Empress of China from AD 9 to 21

Empress Wang (Note: Lady Wang's personal name is not recorded in history.) (died January AD 21), (Note: 1st month of the 2nd year of the Dihuang era, corresponding to 3–31 January of the year 21 in the proleptic Julian calendar.) formally Empress Xiaomu, was empress of China from AD 9 to 21 during the Xin dynasty.

==Life==
Lady Wang married her husband, the eventual Xin emperor Wang Mang while he was still a commoner—albeit a well-connected commoner, being a nephew of then-Han empress Empress Wang Zhengjun. She was a daughter of Wang Xian (王咸), the Marquess of Yichun, who was a grandson of Han prime minister Wang Xin (王訢). (Her marriage to Wang Mang is evidence that at that time, the Chinese prohibition against endogamy based on the same family name was not as strict as it was later.)

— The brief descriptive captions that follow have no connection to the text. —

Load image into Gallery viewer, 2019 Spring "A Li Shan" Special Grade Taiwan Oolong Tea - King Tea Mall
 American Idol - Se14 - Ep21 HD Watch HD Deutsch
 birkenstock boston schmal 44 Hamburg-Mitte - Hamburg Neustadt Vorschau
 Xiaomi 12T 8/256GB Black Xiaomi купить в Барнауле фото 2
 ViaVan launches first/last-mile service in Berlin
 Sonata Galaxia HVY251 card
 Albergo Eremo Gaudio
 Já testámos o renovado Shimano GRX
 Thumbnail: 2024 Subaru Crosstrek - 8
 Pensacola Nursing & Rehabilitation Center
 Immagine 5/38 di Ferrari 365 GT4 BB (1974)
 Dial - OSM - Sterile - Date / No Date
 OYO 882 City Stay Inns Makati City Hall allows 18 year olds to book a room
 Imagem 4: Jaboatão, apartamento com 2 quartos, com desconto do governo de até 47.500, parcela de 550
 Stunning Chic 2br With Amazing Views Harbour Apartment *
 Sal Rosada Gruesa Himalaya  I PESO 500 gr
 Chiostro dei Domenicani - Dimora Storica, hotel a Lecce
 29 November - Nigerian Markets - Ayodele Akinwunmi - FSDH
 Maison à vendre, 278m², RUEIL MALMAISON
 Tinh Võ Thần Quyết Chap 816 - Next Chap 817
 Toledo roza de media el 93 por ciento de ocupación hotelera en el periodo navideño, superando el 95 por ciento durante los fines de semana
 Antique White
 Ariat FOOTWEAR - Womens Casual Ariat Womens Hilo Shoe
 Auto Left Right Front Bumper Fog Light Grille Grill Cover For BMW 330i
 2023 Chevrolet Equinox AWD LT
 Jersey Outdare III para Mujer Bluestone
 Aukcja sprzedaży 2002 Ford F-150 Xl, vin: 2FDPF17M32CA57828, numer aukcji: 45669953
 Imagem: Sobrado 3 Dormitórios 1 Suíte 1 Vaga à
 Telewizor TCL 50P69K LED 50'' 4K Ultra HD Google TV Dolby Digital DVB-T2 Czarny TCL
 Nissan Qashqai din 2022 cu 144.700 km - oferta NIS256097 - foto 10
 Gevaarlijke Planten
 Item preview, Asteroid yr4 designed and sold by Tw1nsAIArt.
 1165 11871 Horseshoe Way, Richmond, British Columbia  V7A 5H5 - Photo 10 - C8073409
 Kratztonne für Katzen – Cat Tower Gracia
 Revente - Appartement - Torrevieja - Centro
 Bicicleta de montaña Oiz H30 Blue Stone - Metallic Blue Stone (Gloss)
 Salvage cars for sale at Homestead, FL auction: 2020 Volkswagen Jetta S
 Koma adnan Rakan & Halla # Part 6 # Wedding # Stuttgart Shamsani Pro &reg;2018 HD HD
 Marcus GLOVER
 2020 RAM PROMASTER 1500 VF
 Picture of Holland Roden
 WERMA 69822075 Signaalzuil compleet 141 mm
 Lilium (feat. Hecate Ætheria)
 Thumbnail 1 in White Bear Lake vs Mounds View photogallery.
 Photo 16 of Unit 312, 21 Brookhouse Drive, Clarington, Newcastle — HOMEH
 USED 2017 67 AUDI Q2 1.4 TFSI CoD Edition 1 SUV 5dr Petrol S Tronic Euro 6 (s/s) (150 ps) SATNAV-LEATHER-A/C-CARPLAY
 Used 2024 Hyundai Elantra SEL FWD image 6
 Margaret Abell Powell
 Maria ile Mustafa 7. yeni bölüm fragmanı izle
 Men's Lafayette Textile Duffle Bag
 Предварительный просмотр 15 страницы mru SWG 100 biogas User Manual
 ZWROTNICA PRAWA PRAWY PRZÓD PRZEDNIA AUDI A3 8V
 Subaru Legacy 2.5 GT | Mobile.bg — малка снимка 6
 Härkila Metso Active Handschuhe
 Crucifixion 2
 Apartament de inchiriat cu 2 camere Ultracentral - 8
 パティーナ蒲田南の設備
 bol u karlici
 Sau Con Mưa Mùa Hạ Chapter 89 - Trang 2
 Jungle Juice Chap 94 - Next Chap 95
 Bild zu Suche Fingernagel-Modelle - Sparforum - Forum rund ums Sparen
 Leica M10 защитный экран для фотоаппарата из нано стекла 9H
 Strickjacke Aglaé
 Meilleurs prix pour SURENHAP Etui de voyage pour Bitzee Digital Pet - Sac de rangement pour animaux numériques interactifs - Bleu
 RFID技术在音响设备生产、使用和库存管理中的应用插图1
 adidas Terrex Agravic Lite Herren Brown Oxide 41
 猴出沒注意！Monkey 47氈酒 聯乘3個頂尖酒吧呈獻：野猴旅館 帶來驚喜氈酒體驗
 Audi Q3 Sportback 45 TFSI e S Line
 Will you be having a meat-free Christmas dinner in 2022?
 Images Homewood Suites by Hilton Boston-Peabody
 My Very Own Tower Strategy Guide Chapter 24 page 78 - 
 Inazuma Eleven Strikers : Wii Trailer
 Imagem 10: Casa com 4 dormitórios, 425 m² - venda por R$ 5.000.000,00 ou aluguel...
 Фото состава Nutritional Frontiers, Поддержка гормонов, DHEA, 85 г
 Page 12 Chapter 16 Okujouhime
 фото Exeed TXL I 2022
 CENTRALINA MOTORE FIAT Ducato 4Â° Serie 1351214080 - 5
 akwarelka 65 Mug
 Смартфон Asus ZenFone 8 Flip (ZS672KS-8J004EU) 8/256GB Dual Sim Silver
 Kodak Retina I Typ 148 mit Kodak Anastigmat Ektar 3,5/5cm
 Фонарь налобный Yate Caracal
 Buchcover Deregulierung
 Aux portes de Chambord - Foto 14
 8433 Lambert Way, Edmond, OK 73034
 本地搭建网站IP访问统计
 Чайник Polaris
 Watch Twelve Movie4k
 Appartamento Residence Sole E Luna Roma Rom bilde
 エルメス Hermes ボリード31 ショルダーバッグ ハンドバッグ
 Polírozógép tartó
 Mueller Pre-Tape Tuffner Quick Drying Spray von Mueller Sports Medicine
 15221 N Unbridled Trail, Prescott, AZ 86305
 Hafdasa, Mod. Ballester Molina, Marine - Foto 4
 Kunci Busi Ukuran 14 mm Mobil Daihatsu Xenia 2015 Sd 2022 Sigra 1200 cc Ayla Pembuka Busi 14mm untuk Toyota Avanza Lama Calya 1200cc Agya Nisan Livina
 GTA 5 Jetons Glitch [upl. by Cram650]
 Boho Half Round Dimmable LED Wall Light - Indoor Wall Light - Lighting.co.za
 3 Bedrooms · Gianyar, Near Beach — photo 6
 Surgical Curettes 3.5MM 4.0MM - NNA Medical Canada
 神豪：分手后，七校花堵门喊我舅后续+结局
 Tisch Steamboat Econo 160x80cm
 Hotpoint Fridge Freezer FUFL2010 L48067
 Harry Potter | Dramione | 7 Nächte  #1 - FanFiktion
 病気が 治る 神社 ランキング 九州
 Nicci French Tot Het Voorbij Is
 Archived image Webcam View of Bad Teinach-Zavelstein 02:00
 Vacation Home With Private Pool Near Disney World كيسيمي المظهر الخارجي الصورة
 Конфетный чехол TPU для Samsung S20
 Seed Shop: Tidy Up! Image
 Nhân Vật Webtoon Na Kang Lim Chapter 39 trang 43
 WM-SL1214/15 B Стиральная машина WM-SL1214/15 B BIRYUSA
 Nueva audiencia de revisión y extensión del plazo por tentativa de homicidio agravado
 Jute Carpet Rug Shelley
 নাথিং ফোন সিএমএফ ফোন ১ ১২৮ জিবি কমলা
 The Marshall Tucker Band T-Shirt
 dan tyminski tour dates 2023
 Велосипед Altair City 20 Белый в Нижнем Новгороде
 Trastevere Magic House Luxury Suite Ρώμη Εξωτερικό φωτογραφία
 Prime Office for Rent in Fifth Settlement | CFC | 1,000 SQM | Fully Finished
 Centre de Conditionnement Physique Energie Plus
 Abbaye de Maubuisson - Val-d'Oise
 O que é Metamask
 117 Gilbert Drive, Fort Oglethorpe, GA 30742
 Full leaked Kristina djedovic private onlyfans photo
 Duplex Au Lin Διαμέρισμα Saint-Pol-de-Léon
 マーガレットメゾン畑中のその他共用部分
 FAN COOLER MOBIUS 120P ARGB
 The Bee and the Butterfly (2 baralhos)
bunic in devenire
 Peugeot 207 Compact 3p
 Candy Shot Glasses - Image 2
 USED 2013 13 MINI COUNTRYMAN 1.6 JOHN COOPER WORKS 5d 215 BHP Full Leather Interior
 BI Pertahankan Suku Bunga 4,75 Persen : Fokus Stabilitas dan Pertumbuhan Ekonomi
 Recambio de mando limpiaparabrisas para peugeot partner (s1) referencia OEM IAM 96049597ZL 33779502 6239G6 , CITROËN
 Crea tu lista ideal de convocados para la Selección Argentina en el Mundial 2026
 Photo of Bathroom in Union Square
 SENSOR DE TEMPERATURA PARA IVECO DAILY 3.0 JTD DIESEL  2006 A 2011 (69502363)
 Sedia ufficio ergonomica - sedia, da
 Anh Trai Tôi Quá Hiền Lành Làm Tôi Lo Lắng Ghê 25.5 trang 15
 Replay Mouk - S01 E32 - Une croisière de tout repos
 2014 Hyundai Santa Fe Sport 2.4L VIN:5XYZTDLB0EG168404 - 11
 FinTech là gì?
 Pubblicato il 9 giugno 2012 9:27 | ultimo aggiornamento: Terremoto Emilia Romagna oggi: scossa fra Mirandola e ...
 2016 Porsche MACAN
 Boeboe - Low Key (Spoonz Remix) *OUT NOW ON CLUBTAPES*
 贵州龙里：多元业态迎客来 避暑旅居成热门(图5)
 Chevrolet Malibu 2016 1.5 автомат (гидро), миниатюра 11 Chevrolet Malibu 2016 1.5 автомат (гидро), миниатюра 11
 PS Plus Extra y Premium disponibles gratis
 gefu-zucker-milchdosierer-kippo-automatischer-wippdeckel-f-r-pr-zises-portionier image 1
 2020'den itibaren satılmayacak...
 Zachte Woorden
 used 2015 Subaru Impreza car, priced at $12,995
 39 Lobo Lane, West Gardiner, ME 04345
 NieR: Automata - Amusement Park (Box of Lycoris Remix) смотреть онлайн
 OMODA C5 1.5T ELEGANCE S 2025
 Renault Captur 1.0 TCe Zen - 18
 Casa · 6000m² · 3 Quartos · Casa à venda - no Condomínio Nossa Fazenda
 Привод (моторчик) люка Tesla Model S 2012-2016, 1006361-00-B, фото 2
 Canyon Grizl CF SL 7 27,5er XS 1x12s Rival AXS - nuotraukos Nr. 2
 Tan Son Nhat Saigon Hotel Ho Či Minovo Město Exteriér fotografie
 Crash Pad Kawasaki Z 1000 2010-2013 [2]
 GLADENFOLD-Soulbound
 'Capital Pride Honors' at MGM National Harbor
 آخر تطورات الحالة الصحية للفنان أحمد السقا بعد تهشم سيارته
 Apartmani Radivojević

Lady Wang bore her husband at least five children—sons Wang Yu (王宇), Wang Huo (王獲), Wang An (王安), and Wang Lin (王臨), and a daughter who later became empress to Emperor Ping of Han and was given the title of Princess Huanghuang during the Xin dynasty.

Wang Mang was publicly known for his marital faithfulness, and he put on the appearance that he had no concubines or other female liaisons in addition to his wife. However, that was not true, for Wang Mang had affairs with at least three servant women and, later, a lady-in-waiting to Empress Wang. He was also known for his minimising personal expenditure which extended to his wife. In one incident when he was the commander of the armed forces under his cousin Emperor Cheng of Han, after his mother died, when Lady Wang came to greet the mourners she was in clothes that were so plain that she was mistaken for a servant.

During her husband's career, Lady Wang lost two sons at her husband's hands. Wang Huo was forced to commit suicide in 5 BC after killing a servant. Wang Yu was also forced to commit suicide, in AD 3, after the failure of a conspiracy with Emperor Ping's maternal uncles of the Wei clan to overthrow Wang Mang's dictatorial regency. Because of these tragedies, Lady Wang lamented and cried so much that eventually she grew blind.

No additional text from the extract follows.